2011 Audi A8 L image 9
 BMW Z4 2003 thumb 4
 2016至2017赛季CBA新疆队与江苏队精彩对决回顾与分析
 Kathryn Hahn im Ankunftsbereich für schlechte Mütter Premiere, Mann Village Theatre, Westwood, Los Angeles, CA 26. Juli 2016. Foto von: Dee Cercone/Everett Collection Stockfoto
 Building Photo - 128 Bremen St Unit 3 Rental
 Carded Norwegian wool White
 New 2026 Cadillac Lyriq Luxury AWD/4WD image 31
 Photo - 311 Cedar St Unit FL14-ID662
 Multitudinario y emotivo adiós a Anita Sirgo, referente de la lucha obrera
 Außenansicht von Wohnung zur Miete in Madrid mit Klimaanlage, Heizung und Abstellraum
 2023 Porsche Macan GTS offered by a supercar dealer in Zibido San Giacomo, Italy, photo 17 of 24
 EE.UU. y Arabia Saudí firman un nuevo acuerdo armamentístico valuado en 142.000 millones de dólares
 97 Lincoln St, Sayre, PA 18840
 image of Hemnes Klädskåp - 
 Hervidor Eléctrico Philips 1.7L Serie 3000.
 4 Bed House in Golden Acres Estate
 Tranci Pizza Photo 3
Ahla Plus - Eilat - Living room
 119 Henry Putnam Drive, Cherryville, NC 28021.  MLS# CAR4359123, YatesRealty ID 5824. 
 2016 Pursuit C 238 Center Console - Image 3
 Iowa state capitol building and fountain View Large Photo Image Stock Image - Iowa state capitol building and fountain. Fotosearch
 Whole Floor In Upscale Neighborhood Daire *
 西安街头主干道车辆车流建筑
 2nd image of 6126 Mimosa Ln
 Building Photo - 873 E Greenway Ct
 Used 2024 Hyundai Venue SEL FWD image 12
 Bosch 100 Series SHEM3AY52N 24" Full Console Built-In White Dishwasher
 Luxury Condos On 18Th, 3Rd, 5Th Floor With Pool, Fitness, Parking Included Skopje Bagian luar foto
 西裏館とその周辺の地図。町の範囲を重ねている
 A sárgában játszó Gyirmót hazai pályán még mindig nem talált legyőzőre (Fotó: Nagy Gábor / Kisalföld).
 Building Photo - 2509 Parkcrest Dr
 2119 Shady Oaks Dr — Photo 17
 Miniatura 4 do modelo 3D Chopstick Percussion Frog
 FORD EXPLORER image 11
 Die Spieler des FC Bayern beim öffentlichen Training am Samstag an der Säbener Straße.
★ ★ ★
=== Task details ===
Word for word, restate the lines of the listing above starting at the line with "New 2026 Cadillac" and ending at the line with "Außenansicht von Wohnung", and nothing outside them.

=== Exercise response ===
 New 2026 Cadillac Lyriq Luxury AWD/4WD image 31
 Photo - 311 Cedar St Unit FL14-ID662
 Multitudinario y emotivo adiós a Anita Sirgo, referente de la lucha obrera
 Außenansicht von Wohnung zur Miete in Madrid mit Klimaanlage, Heizung und Abstellraum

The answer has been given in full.